有名店、繁盛店には必ずといっていいほど、「顔=人」がいます。その「顔」は急に出現し台頭した訳ではなく、長い苦労と厳しい経験を経て今に至っているのです。
それはあたかも伏流水が地面に滲みこむように、じっくりと長い時間を費やしているのです。そして、BARというのは「顔」があるか否かで、店の性格や形態が左右されると言われます。
僕もバーを利用する際、訪ねるのは、やはり「顔が見えるBAR」を訪ねます。
そこへは安らぎと同時に何かを感じたいとか、癒されたいと心に秘めながら、その時間を求めるからです。
BARに顔が必要な理由を挙げるとすれば、「日本のBAR」は欧米と違う異種独特のスタイルが確立されているということが言えるでしょう。
例えば10坪ほどの手狭な店構えの中に、顔を囲んでビッシリと席が埋まる光景。これは日本特有なものだと、外国人は口を揃えます。
別段、豪華でもなく、寿司がでるわけでもなく、BGMがある訳でもない。外国人には異様な光景とも映るようですが、これは江戸間に伝わる空間で、日本ならでは寛ぎという世界の体現でもあります。
同時に、茶道に伝わる一期一会や、カウンター商売に育まれた所縁では無いでしょうか。
そのように、バーに心を寄せる人々はその顔にグチをこぼしたり、励まされたりとチビリチビリやるのが醍醐味で、その顔次第で空間や味わいが様変わりするものなのです。
その絶妙な空間こそが顔の個性であって、店選びの要になってくるのです。
ある先輩が「やがてBARというスタイルも将来大きく変貌を遂げる」と言っておりました。それは我々が絶対に固執しなければならないカタチを崩さなければならないという意味も含んでおり、ある種の畏れすら感じます。時代背景からも言える事ですが、現代は若年層の飲酒離れ、高齢化、受動喫煙法、道路交通法…そして高級店(本物)や激安店の台頭。
ホテルの場合、都市部を中心に益々外資が投入され、それこそラグジュアリー嗜好と激安ホテルが対極的に人気を集めています。
ラグジュアリホテルのバーは喫茶と併用した高級ラウンジに様変わりし、顔や会話といった要素は益々省かれ、プロフェッショナルの醍醐味である「顔からの商売」とはかけ離れています。

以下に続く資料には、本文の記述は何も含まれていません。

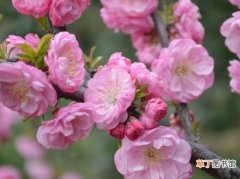 【梅花】榆叶梅花语：春光明媚,花团锦簇和欣欣向荣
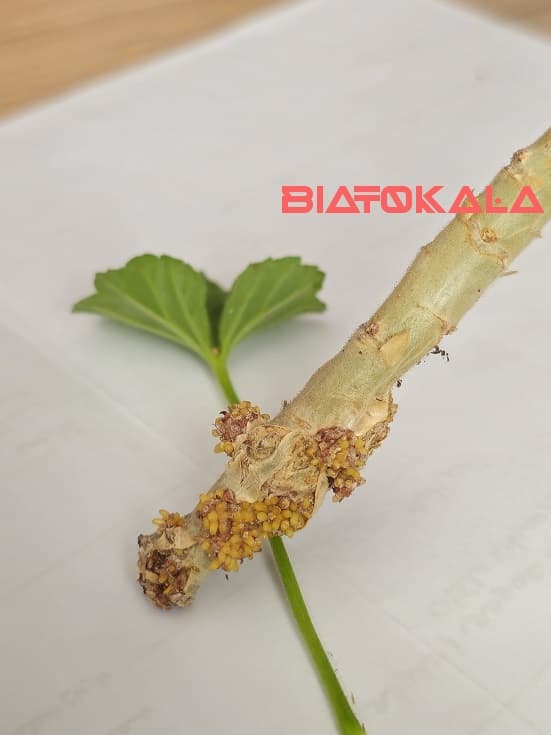 بهترین قلمه شمعدانی برای کاشت 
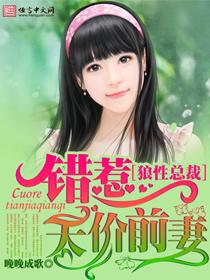 狼性总裁的天价前妻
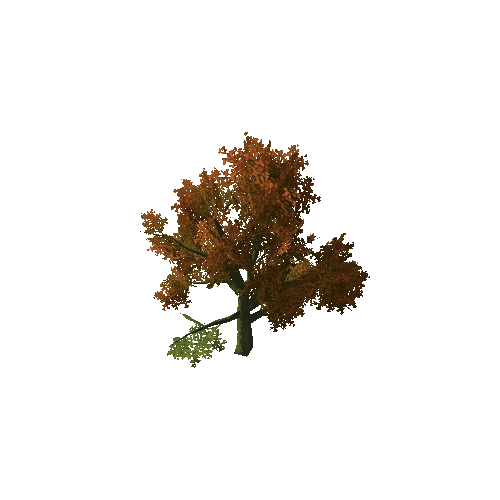 Beech_Tree_V8_1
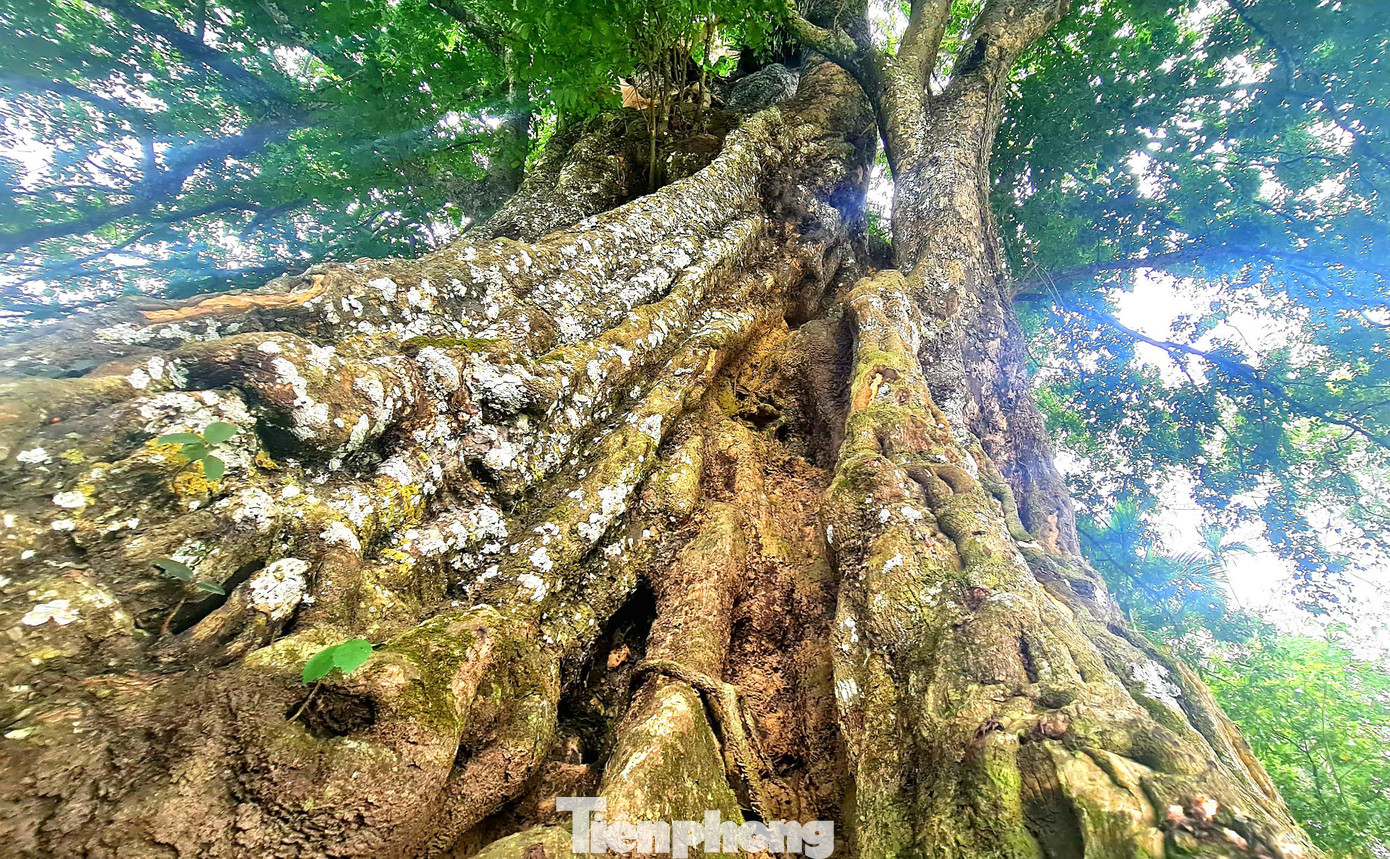 Trong những ngày này, mỗi gia đình làm một mâm cúng mang ra miếu thờ của bản cạnh cây thị và dâng lễ để cầu cho mưa thuận gió hoà, mùa màng tươi tốt… Trong những ngày này, mỗi gia đình làm một mâm cúng mang ra miếu thờ của bản cạnh cây thị và dâng lễ để cầu cho mưa thuận gió hoà, mùa màng tươi tốt…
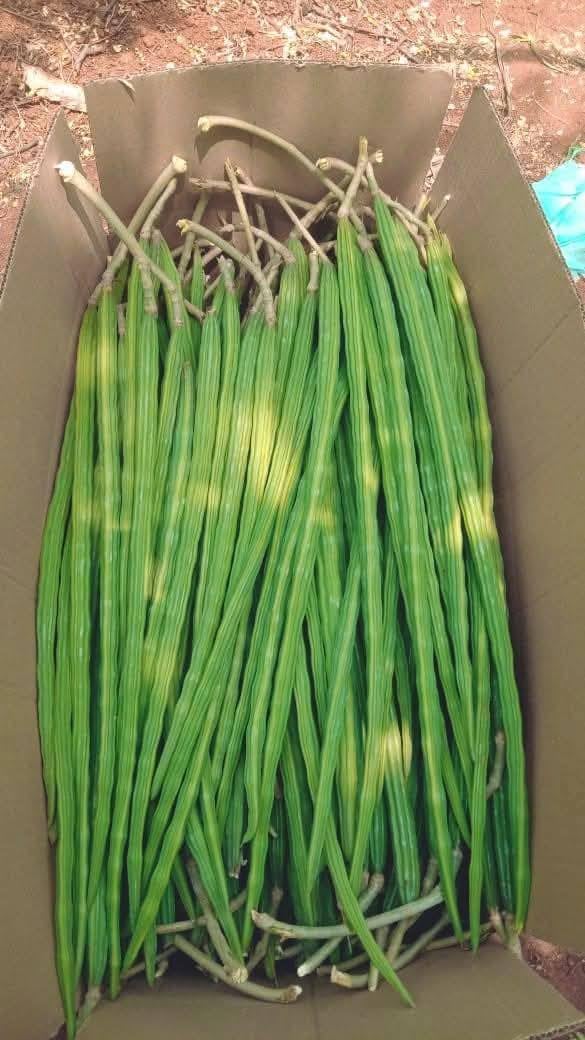 MOGO moringa seeds 8-10 day germination window with proper care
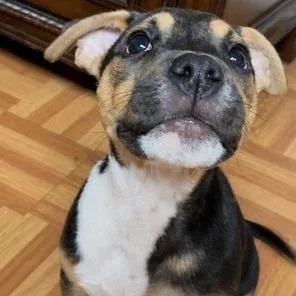 A baby small-sized male Mixed Breed dog named Shadow for adoption in San Antonio, TX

黒船の襲来を思わせるそのような流れは、「日本のBAR」にとって固執しなければならないカタチを崩し、茶道から脈々と流れる「日本のBAR」の存在自体を消失させつつあるのではないでしょうか。
大切なのは目先の潮流ではなく、人や過去未来などの時間軸を意識しながら、研鑽していく顔をもつことであると心に強く思うのです。